I started out about eight years ago programming in PHP/MySQL and I've been freelancing for the past six. Over the last couple years, I've moved first to iOS and lately added Rails to my arsenal. I feel really good about my current situation, and I'm charging about $150 / hr.<p>However, I doubt this will last and I'm thinking about a few years down the road and what I should be investing in learning right now. I'd like to maintain or continue to grow my hourly rate, and while I know there are Wordpress developers who can charge $250 / hr, they're the 1% of the 1%. There must be niches where $250 / hr is normal. What are they?<p>What technologies, platforms, languages, etc. do you see where the supply / demand curve is the furthest out of whack AND the demand side has $$ to spend?
======
gexla
With the rates you're able to charge, I think you already have it as figured
out as anyone. You could answer this question yourself and anyone else out
there would have no better idea than you.
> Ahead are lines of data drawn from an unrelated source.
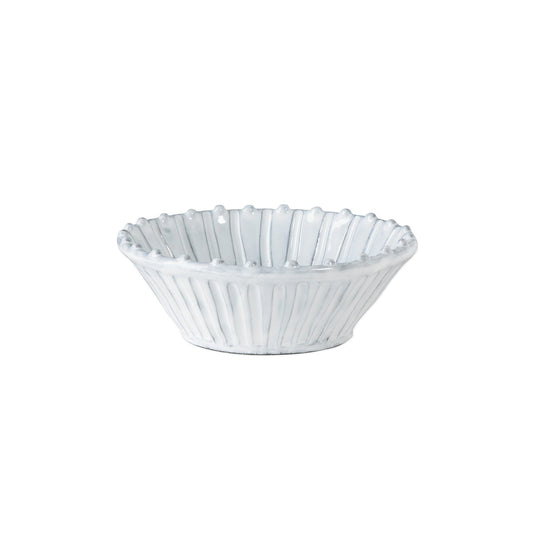 Vietri INC-1105A Incanto Stripe Cereal Bowl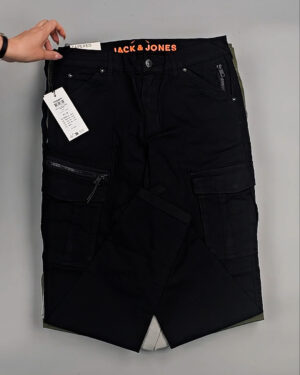 Фотография  302 - Брюки JACK JONES men 045#4,3 кг, ЛОТ №8890 оптом в Пензе и Пензенской области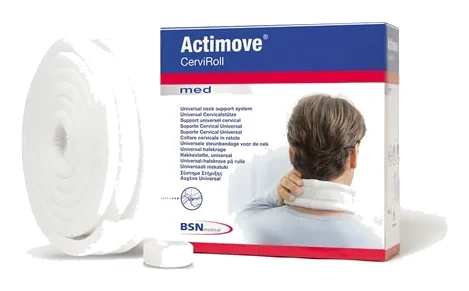 Actimove CerviRoll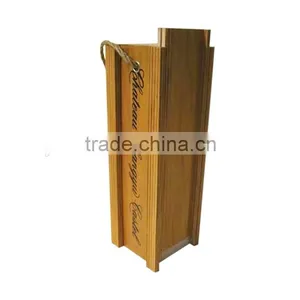 Latest Style Wood Wine Box thumbnail-2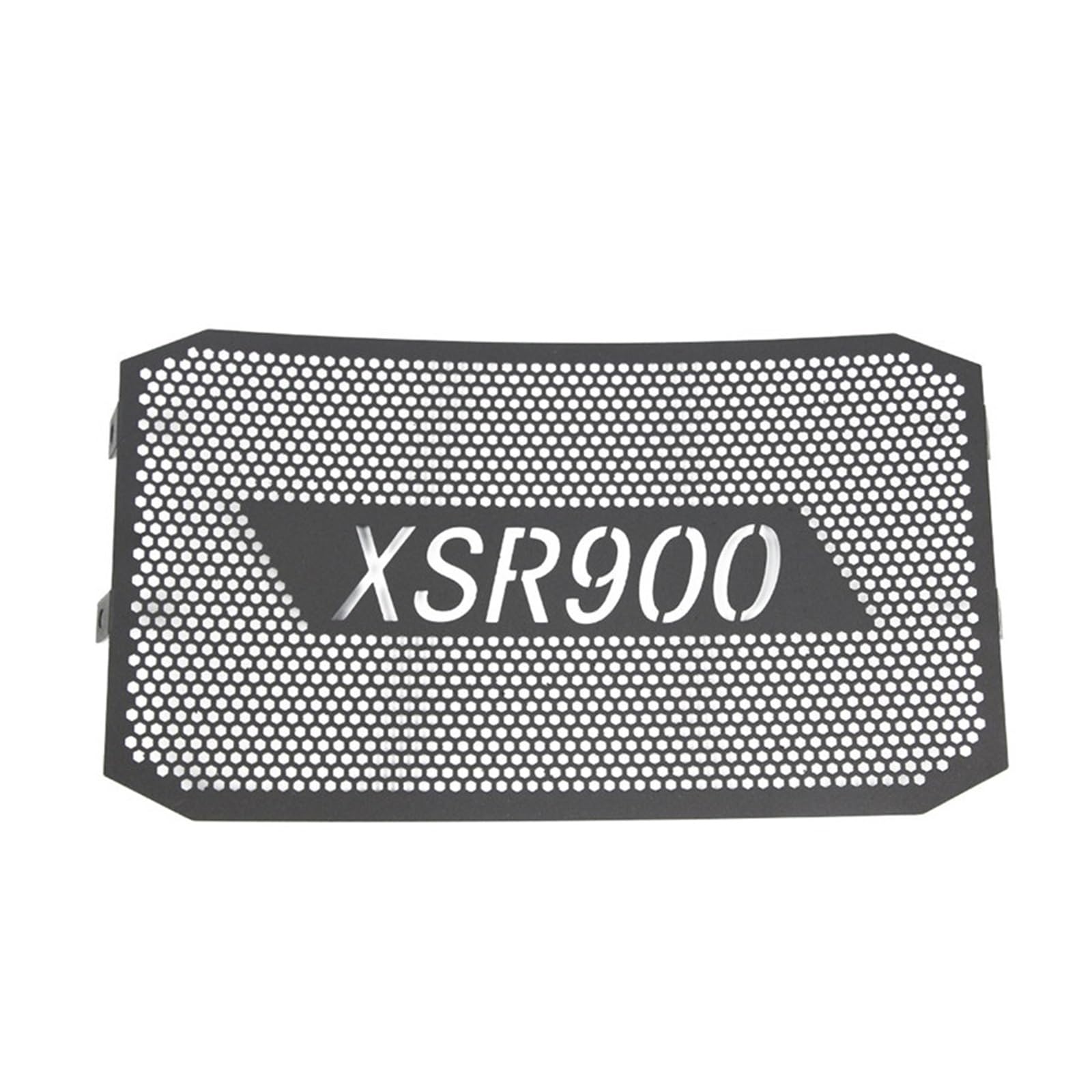 BOMXAN Motorrad Kühlergrillschutz Für Yamaha XSR-900 XSR 900 XSR900 2015 2016 2017 2018 Motorrad Kühlergrill Gehäuse Aluminium Kompatible Teile von BOMXAN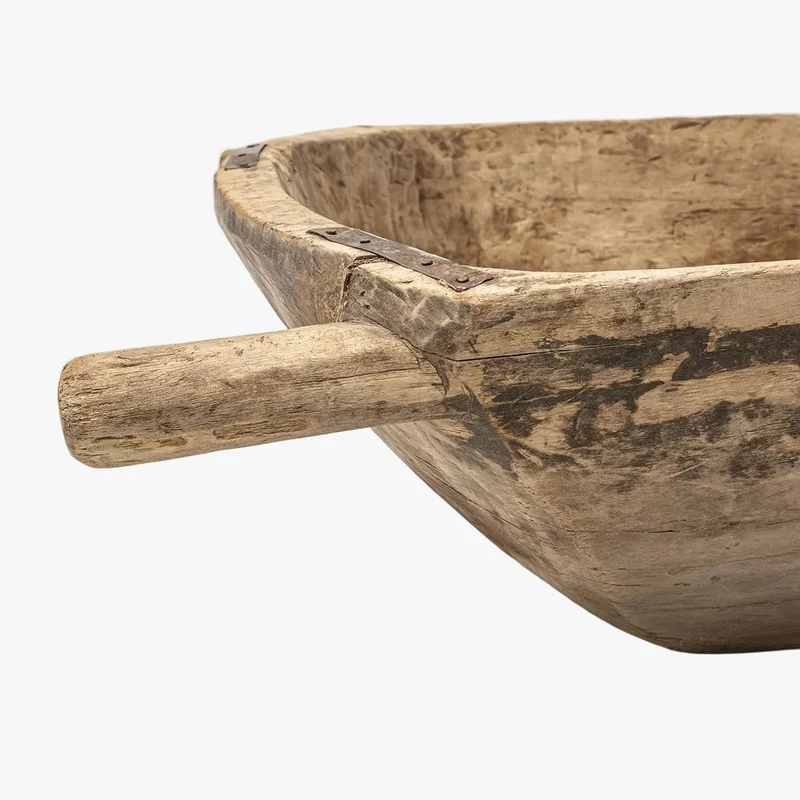 Wilona Antique Tray | Z1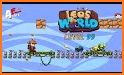 Leo's Super World - Jungle Adventure related image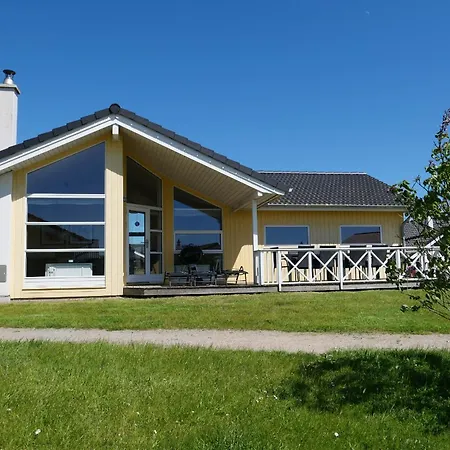 Dom wakacyjny 2 Typ D 28 Großenbrode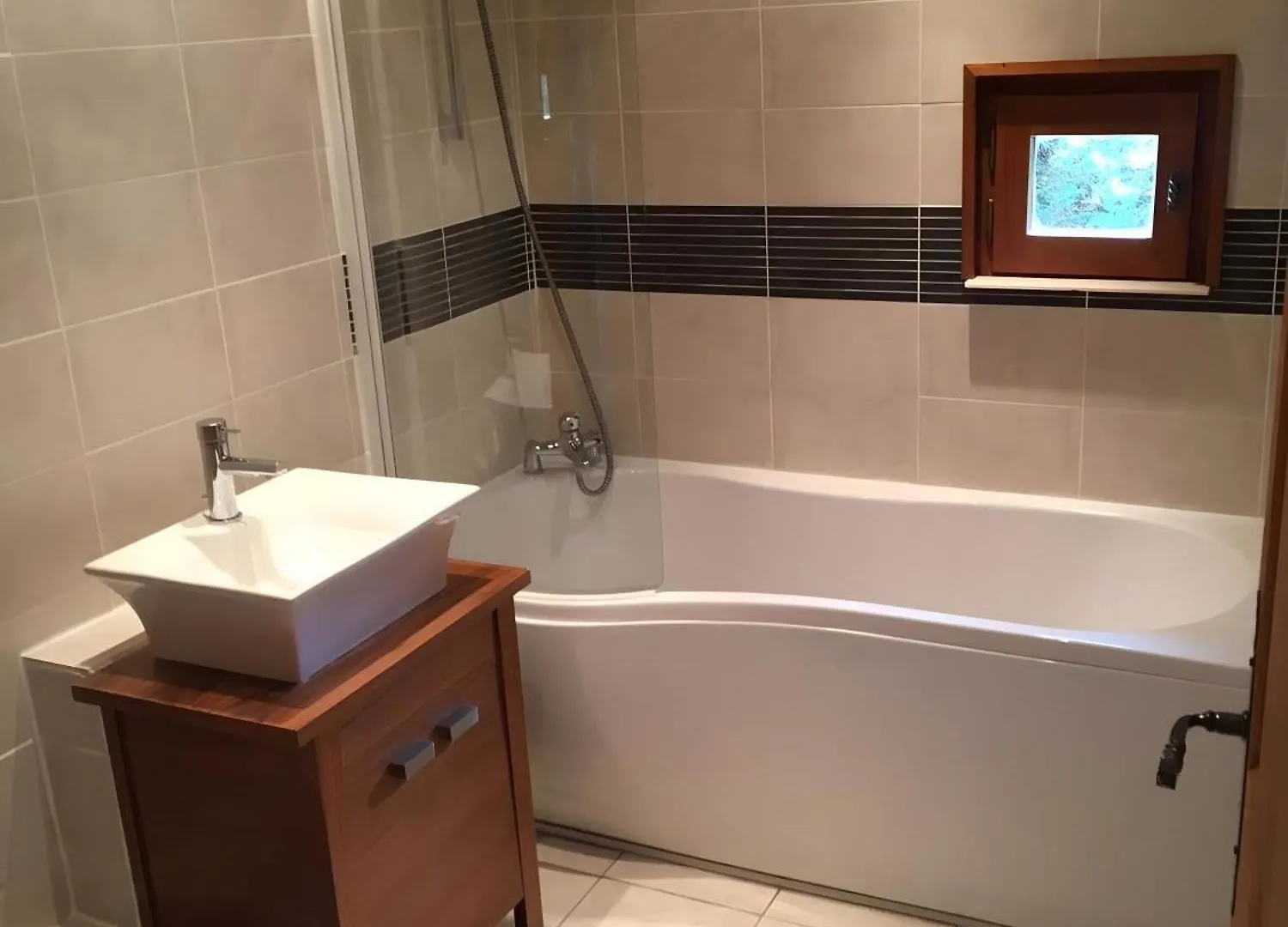 Domek alpejski Gabbro-Chalet Moderne Tout Confort Villard-Reculas Francja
Personally, I feel like the once and always most valuable skill is knowing how
to ship from A to Z and have a proven track record of this ability. In other
words, you have pushed out a quality product which has had some success
(probably not enough to quit freelancing or you wouldn't still be doing it.) I
believe that most agencies out there don't have this skill / experience. There
really isn't much room for it in most dev shops because it's not their
specialty, the overhead is high and with a healthy client base, they just
don't have the resources. But there there are handful who do this (many of the
*labs types of agencies.) Being able to build a product is valuable, but being
able to direct (consult) the client to success after the product is built is
far more valuable IMO. As an extreme example, just think of how much 37signals
could charge if those guys were still doing client work. They probably
wouldn't even be building products, but rather consulting for astronomically
high rates (but they would still be a bargain for those who could afford to
pay the tab.)

Another huge value would be to put together an A team which would be able to
pull off the above. There are lots of great independent freelancers out there,
but not so many crack-shot teams. If you need evidence for this, then just go
look at all the aquihiring which has been going on just to grab talented
premade teams.

Of course, the end game is to make valuable products, and this can break you
out of the dollars for hours grind. Build a great product and you can raise
your income at internet scale.

Do all this and the actual technology / platforms that you use all of a sudden
doesn't seem to be of much importance.